The recommendations pertaining to text documentation about the data are inconsistent.

About "Keeping track of your analyses," module 2, Formatting data tables in Spreadsheets states:

[K]eep track of the steps you took in your clean up or analysis. You should track these steps as a scientist would each step in an experiment. You can do this in another text file, or a good option is to create a new tab in your spreadsheet with your notes. This way the notes and data stay together.

About "Inclusion of metadata," module 3, Formatting problems states:

Unlike a table in a paper or a supplemental file, metadata (in the form of legends) should not be included in a data file since this information is not data, and including it can disrupt how computer programs interpret your data file. Rather, metadata should be stored as a separate file in the same directory as your data file, preferably in plain text format with a name that clearly associates it with your data file.
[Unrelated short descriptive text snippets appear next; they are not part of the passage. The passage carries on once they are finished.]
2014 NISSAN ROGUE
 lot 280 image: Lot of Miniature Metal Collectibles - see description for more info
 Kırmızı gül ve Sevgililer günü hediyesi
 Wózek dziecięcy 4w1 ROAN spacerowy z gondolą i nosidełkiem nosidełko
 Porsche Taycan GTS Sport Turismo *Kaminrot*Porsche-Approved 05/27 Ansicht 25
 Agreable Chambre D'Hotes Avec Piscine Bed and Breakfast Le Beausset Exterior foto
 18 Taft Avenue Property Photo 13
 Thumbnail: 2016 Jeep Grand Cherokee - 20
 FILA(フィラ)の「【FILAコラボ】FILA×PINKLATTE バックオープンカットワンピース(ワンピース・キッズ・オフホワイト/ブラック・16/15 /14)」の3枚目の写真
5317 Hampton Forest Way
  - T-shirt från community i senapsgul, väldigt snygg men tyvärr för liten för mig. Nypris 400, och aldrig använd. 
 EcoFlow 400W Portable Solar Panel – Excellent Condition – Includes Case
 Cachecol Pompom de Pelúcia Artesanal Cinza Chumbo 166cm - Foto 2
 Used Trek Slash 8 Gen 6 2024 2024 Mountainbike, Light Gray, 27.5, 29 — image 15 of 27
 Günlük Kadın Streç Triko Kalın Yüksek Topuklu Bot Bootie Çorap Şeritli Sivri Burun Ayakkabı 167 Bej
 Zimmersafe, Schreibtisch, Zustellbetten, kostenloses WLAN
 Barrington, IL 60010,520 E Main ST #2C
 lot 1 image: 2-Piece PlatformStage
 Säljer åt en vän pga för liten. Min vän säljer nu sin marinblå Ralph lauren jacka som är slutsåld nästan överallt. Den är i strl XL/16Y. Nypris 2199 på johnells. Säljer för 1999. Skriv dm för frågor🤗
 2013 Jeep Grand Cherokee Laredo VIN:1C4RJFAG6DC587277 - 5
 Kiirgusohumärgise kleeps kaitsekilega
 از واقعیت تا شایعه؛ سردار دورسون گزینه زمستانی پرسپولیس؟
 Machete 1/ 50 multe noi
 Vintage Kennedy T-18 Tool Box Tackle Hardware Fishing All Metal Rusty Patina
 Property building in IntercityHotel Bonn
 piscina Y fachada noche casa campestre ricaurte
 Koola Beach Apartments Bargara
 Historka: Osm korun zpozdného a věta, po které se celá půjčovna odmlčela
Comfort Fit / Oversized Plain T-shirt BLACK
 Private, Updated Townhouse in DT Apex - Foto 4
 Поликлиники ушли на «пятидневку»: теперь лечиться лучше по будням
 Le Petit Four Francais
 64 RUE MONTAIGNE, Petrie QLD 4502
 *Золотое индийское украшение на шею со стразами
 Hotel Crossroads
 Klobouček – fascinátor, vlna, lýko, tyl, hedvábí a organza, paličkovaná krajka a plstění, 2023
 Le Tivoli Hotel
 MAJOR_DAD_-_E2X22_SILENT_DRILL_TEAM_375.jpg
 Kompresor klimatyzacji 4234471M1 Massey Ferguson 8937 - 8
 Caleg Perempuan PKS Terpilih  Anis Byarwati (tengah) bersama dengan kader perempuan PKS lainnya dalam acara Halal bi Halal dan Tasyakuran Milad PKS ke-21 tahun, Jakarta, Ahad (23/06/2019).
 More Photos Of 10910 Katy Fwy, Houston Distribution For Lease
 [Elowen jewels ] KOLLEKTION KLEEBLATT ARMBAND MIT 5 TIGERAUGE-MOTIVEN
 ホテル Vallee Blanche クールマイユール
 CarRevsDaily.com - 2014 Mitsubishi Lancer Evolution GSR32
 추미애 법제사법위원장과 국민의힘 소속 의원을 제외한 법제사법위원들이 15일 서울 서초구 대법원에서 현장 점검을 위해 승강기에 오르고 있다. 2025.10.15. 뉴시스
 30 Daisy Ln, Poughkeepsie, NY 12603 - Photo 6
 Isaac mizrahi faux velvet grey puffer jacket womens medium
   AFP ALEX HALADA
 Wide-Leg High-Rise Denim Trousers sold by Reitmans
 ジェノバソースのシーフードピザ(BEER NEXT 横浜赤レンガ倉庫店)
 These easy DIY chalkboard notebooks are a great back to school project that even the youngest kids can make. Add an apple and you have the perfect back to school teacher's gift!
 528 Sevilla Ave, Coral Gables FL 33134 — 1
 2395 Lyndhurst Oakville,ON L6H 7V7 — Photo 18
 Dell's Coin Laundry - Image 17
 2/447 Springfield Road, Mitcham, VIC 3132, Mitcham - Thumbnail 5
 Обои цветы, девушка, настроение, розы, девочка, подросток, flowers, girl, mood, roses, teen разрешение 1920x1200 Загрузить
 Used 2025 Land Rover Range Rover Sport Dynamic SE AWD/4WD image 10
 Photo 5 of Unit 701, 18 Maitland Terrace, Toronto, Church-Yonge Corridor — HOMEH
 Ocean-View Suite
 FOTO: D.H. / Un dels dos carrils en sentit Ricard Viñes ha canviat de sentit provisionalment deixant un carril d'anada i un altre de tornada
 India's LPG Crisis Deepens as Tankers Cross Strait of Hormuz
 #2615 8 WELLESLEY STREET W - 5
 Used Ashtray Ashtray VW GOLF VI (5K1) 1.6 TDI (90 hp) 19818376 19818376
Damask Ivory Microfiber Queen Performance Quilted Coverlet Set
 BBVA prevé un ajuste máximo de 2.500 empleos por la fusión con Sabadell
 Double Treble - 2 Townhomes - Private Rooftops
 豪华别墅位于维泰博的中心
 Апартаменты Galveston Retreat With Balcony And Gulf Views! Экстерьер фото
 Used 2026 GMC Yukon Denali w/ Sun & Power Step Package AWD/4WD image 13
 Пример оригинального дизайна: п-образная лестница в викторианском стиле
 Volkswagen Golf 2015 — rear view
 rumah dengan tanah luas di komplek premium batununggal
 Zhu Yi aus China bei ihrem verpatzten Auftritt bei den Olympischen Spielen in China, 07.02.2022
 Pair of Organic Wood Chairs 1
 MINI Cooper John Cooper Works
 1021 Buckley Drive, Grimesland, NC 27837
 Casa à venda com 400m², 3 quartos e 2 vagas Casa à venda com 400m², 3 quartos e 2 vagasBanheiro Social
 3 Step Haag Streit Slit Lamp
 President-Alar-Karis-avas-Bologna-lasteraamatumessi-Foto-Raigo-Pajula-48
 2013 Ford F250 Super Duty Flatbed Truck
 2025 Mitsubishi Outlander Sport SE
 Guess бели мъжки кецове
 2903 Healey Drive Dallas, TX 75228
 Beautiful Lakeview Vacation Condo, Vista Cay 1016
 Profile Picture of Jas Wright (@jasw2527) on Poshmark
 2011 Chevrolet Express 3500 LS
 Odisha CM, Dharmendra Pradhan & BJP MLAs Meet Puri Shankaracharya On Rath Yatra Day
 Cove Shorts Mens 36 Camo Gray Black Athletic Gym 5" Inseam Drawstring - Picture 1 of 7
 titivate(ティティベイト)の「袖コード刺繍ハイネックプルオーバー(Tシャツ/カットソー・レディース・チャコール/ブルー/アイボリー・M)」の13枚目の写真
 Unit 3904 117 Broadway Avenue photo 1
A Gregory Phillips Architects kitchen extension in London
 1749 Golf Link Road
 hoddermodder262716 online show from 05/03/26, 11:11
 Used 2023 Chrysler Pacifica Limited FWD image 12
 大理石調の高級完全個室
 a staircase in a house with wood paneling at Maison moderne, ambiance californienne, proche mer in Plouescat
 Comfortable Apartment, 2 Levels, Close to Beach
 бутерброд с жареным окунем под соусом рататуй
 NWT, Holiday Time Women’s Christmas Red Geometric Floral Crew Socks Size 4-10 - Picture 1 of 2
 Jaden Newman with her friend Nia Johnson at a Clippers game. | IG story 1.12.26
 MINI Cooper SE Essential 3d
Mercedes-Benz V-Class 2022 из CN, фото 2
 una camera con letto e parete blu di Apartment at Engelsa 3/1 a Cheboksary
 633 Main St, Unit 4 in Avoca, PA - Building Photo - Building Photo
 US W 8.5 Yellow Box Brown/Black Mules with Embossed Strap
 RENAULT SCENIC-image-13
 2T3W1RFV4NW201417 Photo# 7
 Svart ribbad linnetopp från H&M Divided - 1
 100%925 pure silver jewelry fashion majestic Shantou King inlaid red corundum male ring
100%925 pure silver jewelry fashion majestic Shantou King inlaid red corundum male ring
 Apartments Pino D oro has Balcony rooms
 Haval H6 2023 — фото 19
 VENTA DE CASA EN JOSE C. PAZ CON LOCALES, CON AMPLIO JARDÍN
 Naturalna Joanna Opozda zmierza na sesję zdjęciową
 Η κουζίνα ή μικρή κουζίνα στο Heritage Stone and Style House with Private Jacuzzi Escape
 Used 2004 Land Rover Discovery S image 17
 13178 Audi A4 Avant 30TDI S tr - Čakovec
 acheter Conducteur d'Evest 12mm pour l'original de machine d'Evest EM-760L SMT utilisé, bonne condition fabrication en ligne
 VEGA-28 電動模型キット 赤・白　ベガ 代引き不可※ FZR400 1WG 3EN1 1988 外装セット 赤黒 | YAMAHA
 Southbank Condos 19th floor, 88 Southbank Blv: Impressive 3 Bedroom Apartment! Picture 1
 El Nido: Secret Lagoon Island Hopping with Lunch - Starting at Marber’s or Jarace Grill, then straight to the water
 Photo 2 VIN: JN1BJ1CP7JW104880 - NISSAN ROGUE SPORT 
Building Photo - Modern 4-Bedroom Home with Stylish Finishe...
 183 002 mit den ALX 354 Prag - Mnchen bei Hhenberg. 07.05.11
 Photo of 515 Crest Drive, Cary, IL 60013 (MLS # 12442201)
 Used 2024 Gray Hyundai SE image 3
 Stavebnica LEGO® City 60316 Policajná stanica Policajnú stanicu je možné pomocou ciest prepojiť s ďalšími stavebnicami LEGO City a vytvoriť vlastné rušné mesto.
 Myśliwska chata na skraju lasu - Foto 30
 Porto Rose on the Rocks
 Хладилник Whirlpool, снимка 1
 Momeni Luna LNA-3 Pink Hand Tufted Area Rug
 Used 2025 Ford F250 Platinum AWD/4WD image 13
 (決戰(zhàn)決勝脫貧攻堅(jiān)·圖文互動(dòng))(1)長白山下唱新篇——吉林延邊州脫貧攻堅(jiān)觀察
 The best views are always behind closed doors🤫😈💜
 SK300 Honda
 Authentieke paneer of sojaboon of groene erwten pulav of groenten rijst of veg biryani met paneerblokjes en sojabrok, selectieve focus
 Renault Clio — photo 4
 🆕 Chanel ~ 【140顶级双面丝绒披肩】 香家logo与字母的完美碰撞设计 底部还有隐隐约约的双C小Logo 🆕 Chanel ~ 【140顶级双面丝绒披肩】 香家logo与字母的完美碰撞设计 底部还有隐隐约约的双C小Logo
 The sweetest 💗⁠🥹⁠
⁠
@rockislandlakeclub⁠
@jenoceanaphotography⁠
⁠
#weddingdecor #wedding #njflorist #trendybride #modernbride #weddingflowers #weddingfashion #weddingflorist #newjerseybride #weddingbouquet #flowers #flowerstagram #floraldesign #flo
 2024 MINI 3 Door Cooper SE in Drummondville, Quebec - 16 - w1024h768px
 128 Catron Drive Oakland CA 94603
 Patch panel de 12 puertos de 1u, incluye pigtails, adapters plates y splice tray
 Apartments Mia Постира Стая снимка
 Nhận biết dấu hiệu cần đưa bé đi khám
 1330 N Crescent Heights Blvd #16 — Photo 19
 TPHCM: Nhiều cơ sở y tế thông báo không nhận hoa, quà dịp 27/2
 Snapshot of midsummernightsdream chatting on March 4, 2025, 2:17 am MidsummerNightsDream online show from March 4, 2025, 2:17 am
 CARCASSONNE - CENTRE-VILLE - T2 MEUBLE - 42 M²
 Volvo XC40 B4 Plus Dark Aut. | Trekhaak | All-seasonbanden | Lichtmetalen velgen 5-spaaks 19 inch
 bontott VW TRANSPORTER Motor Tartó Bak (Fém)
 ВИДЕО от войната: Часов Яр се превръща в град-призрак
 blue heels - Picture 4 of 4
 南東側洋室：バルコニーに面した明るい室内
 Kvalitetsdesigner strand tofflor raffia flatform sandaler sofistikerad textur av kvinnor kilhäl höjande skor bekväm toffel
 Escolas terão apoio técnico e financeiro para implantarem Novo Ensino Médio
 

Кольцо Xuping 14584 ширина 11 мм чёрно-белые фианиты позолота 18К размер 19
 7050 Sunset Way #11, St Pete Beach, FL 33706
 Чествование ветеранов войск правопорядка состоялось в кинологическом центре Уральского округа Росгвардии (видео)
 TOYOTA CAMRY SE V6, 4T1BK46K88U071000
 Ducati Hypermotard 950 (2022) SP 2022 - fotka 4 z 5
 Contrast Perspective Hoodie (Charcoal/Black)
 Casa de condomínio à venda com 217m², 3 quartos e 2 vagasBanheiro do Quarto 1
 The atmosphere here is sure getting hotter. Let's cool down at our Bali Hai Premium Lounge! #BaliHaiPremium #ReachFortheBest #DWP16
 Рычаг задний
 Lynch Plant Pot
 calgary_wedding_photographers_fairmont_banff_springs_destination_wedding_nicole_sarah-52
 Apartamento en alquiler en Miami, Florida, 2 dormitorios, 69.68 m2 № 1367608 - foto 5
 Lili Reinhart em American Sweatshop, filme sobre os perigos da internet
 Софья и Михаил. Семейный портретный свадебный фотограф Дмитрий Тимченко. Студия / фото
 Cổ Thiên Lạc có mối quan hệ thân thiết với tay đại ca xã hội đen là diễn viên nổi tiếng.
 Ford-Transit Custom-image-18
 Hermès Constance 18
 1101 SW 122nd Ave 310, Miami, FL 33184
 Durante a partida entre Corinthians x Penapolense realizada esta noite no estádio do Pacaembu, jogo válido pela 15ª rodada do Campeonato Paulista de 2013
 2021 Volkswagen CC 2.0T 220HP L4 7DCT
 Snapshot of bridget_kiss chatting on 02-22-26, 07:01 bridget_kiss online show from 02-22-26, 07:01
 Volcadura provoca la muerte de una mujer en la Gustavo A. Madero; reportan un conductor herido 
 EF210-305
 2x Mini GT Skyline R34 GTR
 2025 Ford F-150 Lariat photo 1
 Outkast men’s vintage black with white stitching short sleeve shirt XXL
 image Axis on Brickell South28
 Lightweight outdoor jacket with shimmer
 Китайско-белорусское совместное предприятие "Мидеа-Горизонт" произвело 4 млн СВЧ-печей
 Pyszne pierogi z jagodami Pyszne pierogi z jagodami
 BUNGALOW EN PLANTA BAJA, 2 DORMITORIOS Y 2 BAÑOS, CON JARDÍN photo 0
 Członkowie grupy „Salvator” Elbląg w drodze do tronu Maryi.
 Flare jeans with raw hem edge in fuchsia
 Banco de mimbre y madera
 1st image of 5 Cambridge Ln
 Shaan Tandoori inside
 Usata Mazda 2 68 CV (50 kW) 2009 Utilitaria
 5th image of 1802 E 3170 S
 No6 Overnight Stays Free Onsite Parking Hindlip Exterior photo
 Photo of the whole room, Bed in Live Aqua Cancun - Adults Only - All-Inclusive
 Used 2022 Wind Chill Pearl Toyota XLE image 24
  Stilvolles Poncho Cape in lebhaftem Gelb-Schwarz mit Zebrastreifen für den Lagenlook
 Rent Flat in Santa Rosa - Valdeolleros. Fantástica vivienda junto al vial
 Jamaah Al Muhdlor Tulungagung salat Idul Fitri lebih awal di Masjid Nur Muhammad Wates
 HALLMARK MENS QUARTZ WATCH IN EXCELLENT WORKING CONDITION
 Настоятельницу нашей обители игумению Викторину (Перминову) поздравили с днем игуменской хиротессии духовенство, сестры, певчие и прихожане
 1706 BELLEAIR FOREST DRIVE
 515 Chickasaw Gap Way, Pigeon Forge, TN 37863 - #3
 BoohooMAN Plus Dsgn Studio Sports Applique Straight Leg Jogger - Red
While not referring to exactly the same documentation, both pieces of advice do refer to text documentation about the dataset rather than the data themselves. It seems like best practice would be to store documentation about the dataset in a single location.

shlake commented 5 years ago

Never liked the part about multiple tabs in this lesson. The lesson is about tidying data, and recording changes are important, but the lesson should also emphasize good practices for machine readable spreadsheets and having multiple tabs is not good. When saving as Tab or comma delimited ALL formatting including multi-tabs are not saved. Only good for Excel format

morskyjezek commented 2 years ago

Hi @carakey - thanks for this observation. I realize it has been a while since you posted this issue, but it appears to still be unresolved. As I understand it, there seems to be a contradiction between the better practices of formatting spreadsheets for data analysis (that is, to avoid using tabs) and the advice given in the "Keeping track of your analyses" section, which accurately advises to keep track of changes but also states that a new tab may be used to do this. And as @shlake points out, the tab option might only be possible in Excel formats. This does appear to be misleading, and I see that the issue has been marked as an "enhancement."

Since the issue has been lingering, I'd like to check in and see if this is indeed something we want to address and how to do that. Although I agree these two parts seem contradictory, I wonder if this may be resolved with a clarification in the "Formatting data tables" episode. I would propose to say that "another option" (not a good option, but another option) is to create a new tab for tracking changes, if the changes are being made in Excel and the data is managed in Excel. For any situations where data may be shared or reused or stored for a while, make sure that the changes are exported to a standalone file that accompanies the csv/tsv or desired the sharing format. In fact, we should be foreshadowing or leading up to the advice in the QC episode, which suggests to create a README and offers advice on how to do that.

This would address some of the contradictions and it would also make the lesson clearer. Any thoughts welcomed.

morskyjezek commented 1 year ago

I've checked on the DataCarpentry ecology lesson, and it is much more clear about this issue: create a text file (even better, recommend markdown) to keep track of any data processing actions, and keep this in the same folder as your data file. Their page on this is here: https://datacarpentry.org/spreadsheet-ecology-lesson/01-format-data/index.html .

Given that the lessons are quite similar, I will work on proposing a more unified approach for the lesson, which suggests to keep processing notes in a separate file. If anyone has comments or concerns, please let me know.

jt14den commented 3 months ago

@morskyjezek has this issue progressed any. If you can formulate what needs to be changed, we can flag this issue with help wanted.

morskyjezek commented 3 months ago

Thanks for bumping this up! I'll put together more concrete suggestions and add a help tag! 👍

jt14den commented 1 week ago

@morskyjezek, we're teaching this Monday. I'll submit a PR that follows what DC is doing ecology lesson on a readme. I think that's a good idea.